La comunicación ya no es lo que era (11)

Cuando llegamos a Ciudad Juárez nos encontramos con un pequeño y agradable pueblo del interior de Coahuila. Tan pequeño y agrabable que, como les contaba, los perros y las gallinas convivían en la plaza… y hasta conmigo les tocó convivir, porque como hubo un desfasaje en la incomunicación, el show había sido pospuesto dos horas, nomás. Nomás nosotros ni enterados. Y que me tiro a dormir en una banca de la plaza, cuan largo soy y permitía el susodicho. Y ahí holgábamos las gallinas y los perros muy cada uno a su espacio vital, debajo de unas sombras y una brisa que le venía de lo más bien, porque ahí cuando es primavera es que es invierno.
Quiero decir: es tal “la calor” como dicen en mi pueblo que nos llegaron a decir que ¡hasta 60º se dejan sentir!
¡Ay, güey! me díjeme, eso sí transpira; y pónganle que nuestra informante le hizo un poco de Secretaría de Turismo y Asombro y le agregó algún grado.

Tons, que aprovechando que era invierno, me dispuse a una brisa en esa especie de Arca de Noé, pero hecha plaza.

Y muy cerca de donde hasta el año 2000, léanme bien, compadres, porque luego van a decir que le agrego grados al calor, hasta el año dos mil (se los escribo hasta como en los cheques) había un solo teléfono en el pueblo. Y ahí se ven. Y el que quería hablar se tenía que ir hasta la caseta donde estaba, custodiado por la autoridad telefónica correspondiente, que era quien atendía las llamadas… o se quedaba al lado oyendo.

– ¡Namás media hora se podía hablar!

Me dijo la señora mientras amasaba unas tortillas de harina que estuvieron la mar de ricas. Y yo pensé “¿Namás?” ¡Esas sí que son ganas de hablar, señora!

Total que te tenías que llevar bien con la autoridad competente de la casilla, para empezar porque cobraba diez pesos (menos de un dólar) la avisada.
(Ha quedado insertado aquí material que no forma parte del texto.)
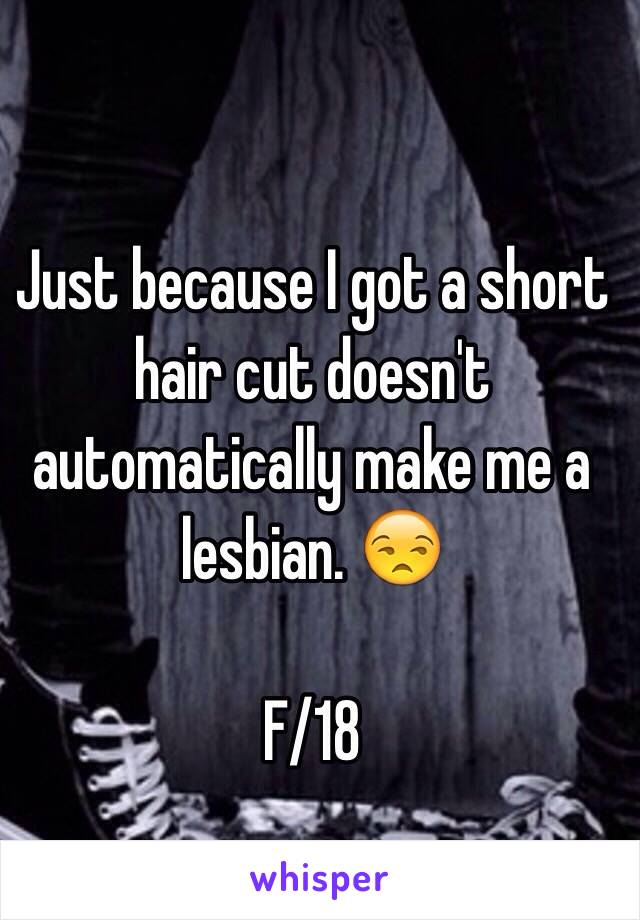 Just because I got a short hair cut doesn't automatically make me a lesbian. 😒

F/18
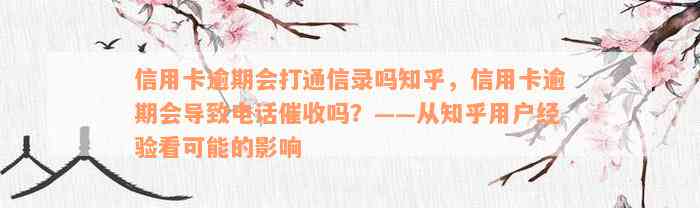 信用卡逾期会打通信录吗知乎，信用卡逾期会导致电话催收吗？——从知乎用户经验看可能的影响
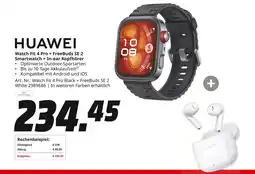 MediaMarkt Huawei watch fit 4 pro + freebuds se 2 Angebot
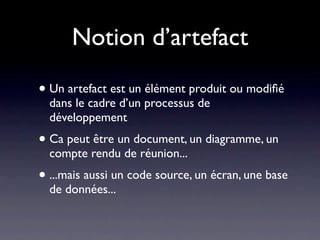 Notion d’artefact

• Un artefact est un élément produit ou modiﬁé
  dans le cadre d’un processus de
  développement
• Ca peut être un document, un diagramme, un
  compte rendu de réunion...
• ...mais aussi un code source, un écran, une base
  de données...
 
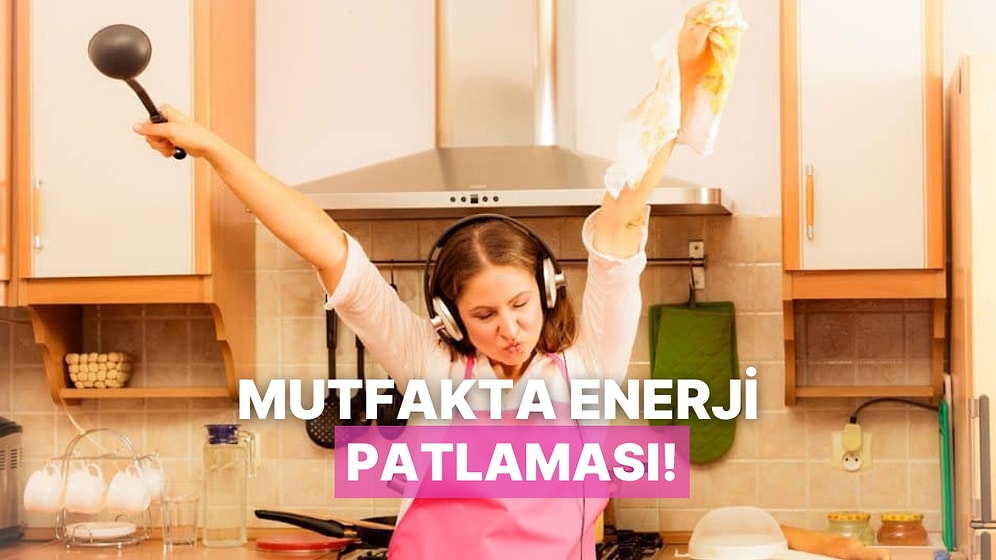 Yemek Yaparken Şefliğini İlan Ettiğin Mutfak Şarkıları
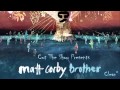 Matt Corby - Brother Clean (CTS Mix) 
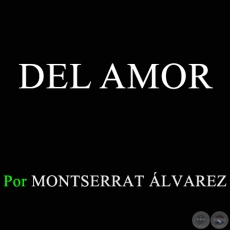 DEL AMOR - Por MONTSE ÁLVAREZ - Domingo, 15 de Febrero de 2015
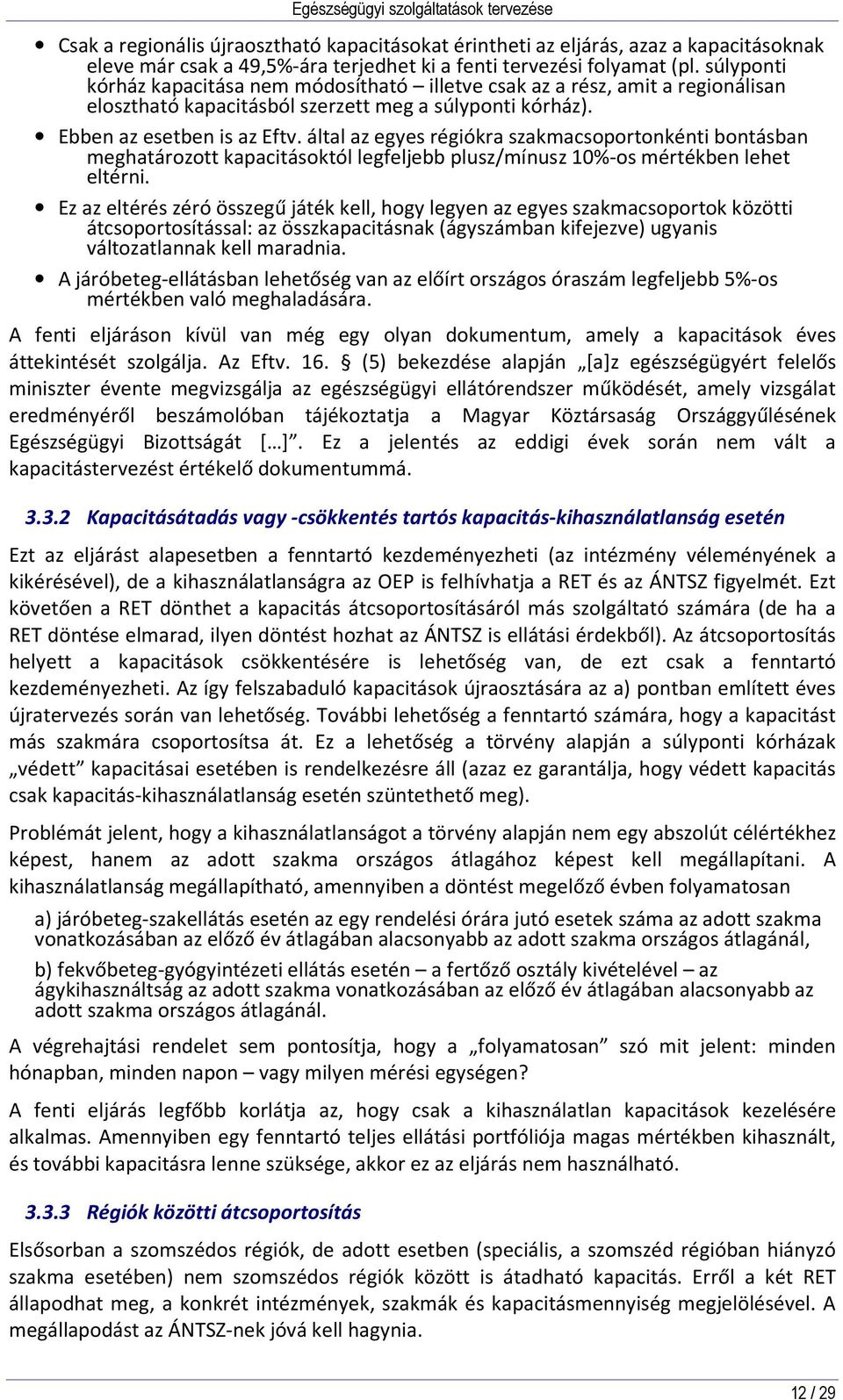 által az egyes régiókra szakmacsoportonkénti bontásban meghatározott kapacitásoktól legfeljebb plusz/mínusz 10%-os mértékben lehet eltérni.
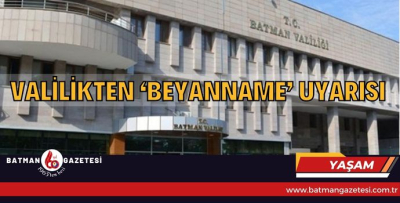 VALİLİKTEN ‘BEYANNAME’ UYARISI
Si te llamaban te iban corriendo a avisar, y corriendo atendías y pagabas los diez pesos, muchas gracias, para servirle.

Pero había que llevarse bien porque la muy canija que le daba por decir que una mujer no estaba cuando la llamaba el marido mismo de esa mujer. Luego el hombre volvía a su casa y le reclamaba a su esposa:

– ¿Por dónde andabas que te estuve llamando y a ningunas horas?
– ¡Si ni me vinieron a buscar!

Se defendía honradamente y con mucha razón ella;porque de verdad la otra ni la había buscado. Y había mentido como quien dice: para sembrar la inquina en ese matrimonio, pues.

Ya después vino el progreso, y el internet, y se perdieron tantas sanas costumbres.